The pundits on the left and the right have been fairly dismissive of Clinton's charges, largely along the lines of (b), above. Now, though, we seem to have a new plagiarism scandal brewing in high places: Nancy Nall, a blogger who used to write a column for the (Fort Wayne, Indiana) News-Sentinel, just this morning has outed News-Sentinel columnist Tim Goeglein, whom one of the commenters on her blog describes as a "White House Public Liaison officer and Karl Rove gopher" (primarily he is a liaison between the White House and the Christian Right), as plagiarizing extensively from "What is a College Education?", a late-90s piece in the right-wing Dartmouth Review by Jeffrey Hart, a long-time Dartmouth English professor who also served as an aide under Nixon and Reagan. She provides long quotations from both sources, showing just how little Goeglein changed in stealing Hart's words; Goeglein has now admitted the plagiarism (Nall broke the news this morning, and Goeglein had confessed online by noon).

But meanwhile, Nall's readers have been busy, and have uncovered numerous other plagiarized pieces "by" Goeglein, and have documented them in the comments section to her post.

As one commenter pointed out: how stupid do you have to be to plagiarize off the Internet? We shake our heads in amazement at our freshmen, who apparently aren't savvy enough in the ways of the world to avoid ripping off other people's work from websites; but this is a senior public liaison in the White House ... and a conservative guru on (get this) media ethics ... writing on education!

2 Comments:

Blogger Gray Kane said...

What has interested me about the Obama "plagiarism" accusation is that the rules for plagiarism are different in different discursive fields. For example, while we in the English department think that not merely content but also phrasing is so precious, Econ courses don't see that much value in the latter.

More and more I realize just how much we in composition teach our students "how to work with written language" from an intensely limited vantage point.

March 1, 2008 5:51 PM  
Blogger Doug Robinson said...

Gray,

I'm a lot more interested in the fact that a plagiarism accusation seems politically expedient to Hillary. Why is that? Is it because her supporters are largely college-educated people who carry vague fears about plagiarism from their college experience, and so think--without working out exactly what plagiarism IS--that this accusation automatically kills any claim Obama might have had to integrity?
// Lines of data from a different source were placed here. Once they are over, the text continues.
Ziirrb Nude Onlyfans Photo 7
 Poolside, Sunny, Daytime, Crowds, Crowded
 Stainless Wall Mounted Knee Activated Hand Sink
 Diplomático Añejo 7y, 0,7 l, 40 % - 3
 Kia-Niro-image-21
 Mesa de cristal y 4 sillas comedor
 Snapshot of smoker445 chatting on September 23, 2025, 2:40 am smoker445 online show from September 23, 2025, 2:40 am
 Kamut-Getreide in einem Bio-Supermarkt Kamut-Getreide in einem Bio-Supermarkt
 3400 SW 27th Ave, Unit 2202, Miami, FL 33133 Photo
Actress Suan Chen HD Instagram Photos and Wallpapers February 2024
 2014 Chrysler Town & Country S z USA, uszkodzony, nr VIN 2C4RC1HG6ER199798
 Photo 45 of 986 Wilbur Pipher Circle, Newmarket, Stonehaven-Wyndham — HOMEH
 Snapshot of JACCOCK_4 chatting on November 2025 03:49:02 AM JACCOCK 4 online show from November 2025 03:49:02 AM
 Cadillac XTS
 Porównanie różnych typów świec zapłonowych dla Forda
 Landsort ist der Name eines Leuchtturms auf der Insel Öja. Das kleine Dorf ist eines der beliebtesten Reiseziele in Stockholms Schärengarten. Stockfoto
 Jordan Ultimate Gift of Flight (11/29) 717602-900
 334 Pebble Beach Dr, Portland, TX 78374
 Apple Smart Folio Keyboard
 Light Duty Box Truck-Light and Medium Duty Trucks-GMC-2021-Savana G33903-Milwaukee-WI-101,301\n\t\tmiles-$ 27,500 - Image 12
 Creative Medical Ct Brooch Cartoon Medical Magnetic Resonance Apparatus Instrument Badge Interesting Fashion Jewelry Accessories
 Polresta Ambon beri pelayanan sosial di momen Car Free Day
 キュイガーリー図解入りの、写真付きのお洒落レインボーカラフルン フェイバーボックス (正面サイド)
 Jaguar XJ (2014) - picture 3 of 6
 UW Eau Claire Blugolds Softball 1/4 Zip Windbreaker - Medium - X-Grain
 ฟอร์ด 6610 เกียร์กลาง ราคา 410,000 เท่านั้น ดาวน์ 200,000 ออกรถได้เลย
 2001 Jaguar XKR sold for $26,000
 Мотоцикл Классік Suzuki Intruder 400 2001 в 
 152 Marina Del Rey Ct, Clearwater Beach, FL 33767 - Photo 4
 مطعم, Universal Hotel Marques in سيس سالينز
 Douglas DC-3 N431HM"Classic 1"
Obviously Obama's integrity has been his strongest point in the campaign, even stronger, I'd claim, than his rhetorical prowess--everybody else looks tainted by comparison--and Hillary's accusation hits him on both of his strongest points.

Another thing that interests me about the accusation is that we in the English department tend to assume that plagiarism is plagiariam, period, and plagiarism is bad; but clearly things are not that simple. What about political speech? What about allusion? Those complexities, we tend to think, are too much--too complex--for our first-year students, so we simplify things down to "plagiarism is plagiarism is bad."